BEGIN Material for this exercise
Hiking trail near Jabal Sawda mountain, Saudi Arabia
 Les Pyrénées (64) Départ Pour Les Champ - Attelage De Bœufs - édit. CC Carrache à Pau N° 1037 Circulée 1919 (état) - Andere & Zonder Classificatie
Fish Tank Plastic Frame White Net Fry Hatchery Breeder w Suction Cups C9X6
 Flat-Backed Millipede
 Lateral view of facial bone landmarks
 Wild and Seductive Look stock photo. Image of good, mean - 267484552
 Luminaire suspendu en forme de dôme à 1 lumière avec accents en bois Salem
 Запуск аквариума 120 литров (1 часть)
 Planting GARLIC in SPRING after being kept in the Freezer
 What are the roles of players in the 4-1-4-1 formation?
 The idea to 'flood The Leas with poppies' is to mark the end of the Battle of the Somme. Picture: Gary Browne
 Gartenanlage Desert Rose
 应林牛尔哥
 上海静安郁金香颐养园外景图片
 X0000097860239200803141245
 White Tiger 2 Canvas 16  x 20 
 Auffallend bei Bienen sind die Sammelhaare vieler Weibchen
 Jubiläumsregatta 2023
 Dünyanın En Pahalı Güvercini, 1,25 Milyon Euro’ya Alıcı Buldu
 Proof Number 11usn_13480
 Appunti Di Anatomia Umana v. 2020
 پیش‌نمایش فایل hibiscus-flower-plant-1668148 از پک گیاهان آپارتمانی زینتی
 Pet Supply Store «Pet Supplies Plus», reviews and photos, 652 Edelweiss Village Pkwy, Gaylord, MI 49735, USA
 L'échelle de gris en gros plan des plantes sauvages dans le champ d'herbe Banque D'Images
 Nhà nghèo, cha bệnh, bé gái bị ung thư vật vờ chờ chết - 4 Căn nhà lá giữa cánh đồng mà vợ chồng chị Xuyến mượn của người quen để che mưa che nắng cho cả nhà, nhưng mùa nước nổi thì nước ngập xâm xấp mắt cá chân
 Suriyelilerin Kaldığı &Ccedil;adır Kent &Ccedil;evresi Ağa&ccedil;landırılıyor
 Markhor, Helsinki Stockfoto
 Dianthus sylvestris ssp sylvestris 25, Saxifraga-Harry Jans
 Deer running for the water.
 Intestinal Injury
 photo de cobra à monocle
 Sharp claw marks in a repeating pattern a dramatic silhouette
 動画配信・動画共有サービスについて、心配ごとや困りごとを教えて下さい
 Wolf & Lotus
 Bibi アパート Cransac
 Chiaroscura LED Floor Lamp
END Material for this exercise
Your output should be an exact copy of the lines from the top of the listing above to the line with "White Tiger 2", both ends included.

Hiking trail near Jabal Sawda mountain, Saudi Arabia
 Les Pyrénées (64) Départ Pour Les Champ - Attelage De Bœufs - édit. CC Carrache à Pau N° 1037 Circulée 1919 (état) - Andere & Zonder Classificatie
Fish Tank Plastic Frame White Net Fry Hatchery Breeder w Suction Cups C9X6
 Flat-Backed Millipede
 Lateral view of facial bone landmarks
 Wild and Seductive Look stock photo. Image of good, mean - 267484552
 Luminaire suspendu en forme de dôme à 1 lumière avec accents en bois Salem
 Запуск аквариума 120 литров (1 часть)
 Planting GARLIC in SPRING after being kept in the Freezer
 What are the roles of players in the 4-1-4-1 formation?
 The idea to 'flood The Leas with poppies' is to mark the end of the Battle of the Somme. Picture: Gary Browne
 Gartenanlage Desert Rose
 应林牛尔哥
 上海静安郁金香颐养园外景图片
 X0000097860239200803141245
 White Tiger 2 Canvas 16  x 20 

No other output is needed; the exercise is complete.